Download the compiled app in .dmg format from the Releases page.

The app is unsigned so you will get a security message when you open it the first time.

2022-09-11-sd-buddy-security-1

Go to System Preferences > Security & Privacy > General, and click Open Anyway.

2022-09-11-sd-buddy-security-2

Open the app again and this time you'll get a different security warning. Click Open and you should be set.

2022-09-11-sd-buddy-security-3

Windows and Linux builds

For a short time there were Linux and Windows builds available. I disabled those for several reasons.

  1. This project is optimized around the M1 Mac flavor of Stable Diffusion.
  2. Even though Stable Diffusion can be installed on Windows, certain "magic" I employed around determining which is the last generated image dictates that this will remain a Mac build for now. I'll have to change this at some point since it's not ideal.
  3. The "magic" mentioned on #2 may actually work in Linux but I don't have a way to test it. If you do have a Linux environment with Stable Diffusion installed and are willing to build this app yourself, please give it a try and let me know in a new Discussions topic.
  4. In the end I kept only the Mac build because it makes GitHub Actions CI faster to have 1 build instead of 3.

Building the app

In addition to the above, if you want to build the Mac binary yourself, first install the Tauri environment + CLI (including the Rust CLI + Cargo), then clone this repo and run:

npm install

# dev mode
cargo tauri dev

# build the production app
cargo tauri build

Generating app icons

Follow the official Tauri icons guide.

npx @tauri-apps/tauricon src/assets/sd-buddy-logo.png

Alpha status

Be aware that if the current version looks like v0.x.x the app is in "alpha" state, meaning that things can and will change drastically between versions.
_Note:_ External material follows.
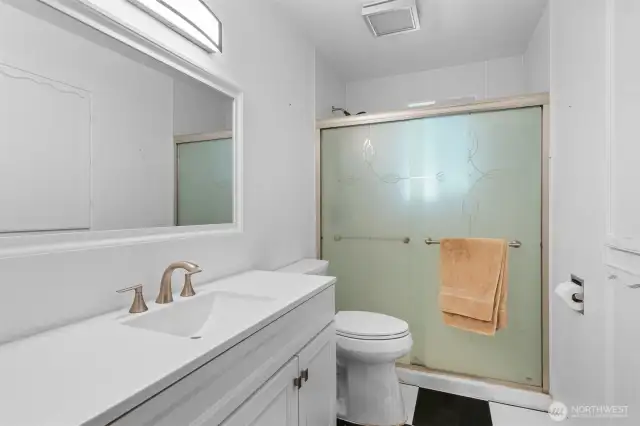 Full guest bathroom with spacious walk-in shower. Matching flooring with the Kitchen.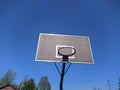 old basketball hoop on blue sky background Royalty Free Stock Photo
This includes breaking changes, regressions, or new bugs.

Wishlist

I'll tackle these in whatever order I feel is a priority for how I use Stable Diffusion.

  • A gallery of generated images.
  • Light/dark mode.
  • UI improvements including a Help section.
  • Configurable output folder.
  • Embed the metadata in the generated image, optionally. A similar thing can be done by saving the generation parameters to a text file with the same name as the image. Follow the changes in my txt2img.py gist.
  • Support img2img.py as in python scripts/img2img.py --prompt "a red juicy apple floating in outer space, like a planet" --init-img apple-input.jpg --strength 0.8 --skip_grid --n_samples 1.

In addition, I need to sort out various small details around developing with Tauri, such as global keyboard shortcuts for common actions such as quitting the app, enabling copy/paste in text boxes, and narrowing down the file/directory operations scope to the settings folder.

Known issues

  1. The tauri.allowlist.fs.scope key in tauri.conf.json. This essentially defines what file system locations the fs command is allowed to touch. Currently it is set to ** which means everywhere. Since fs is used only by the tauri-settings package to create and write to settings.json, I'm not worried about it. Nevertheless, I'd like to limit it to just the location it needs once I discover the correct string pattern for that option.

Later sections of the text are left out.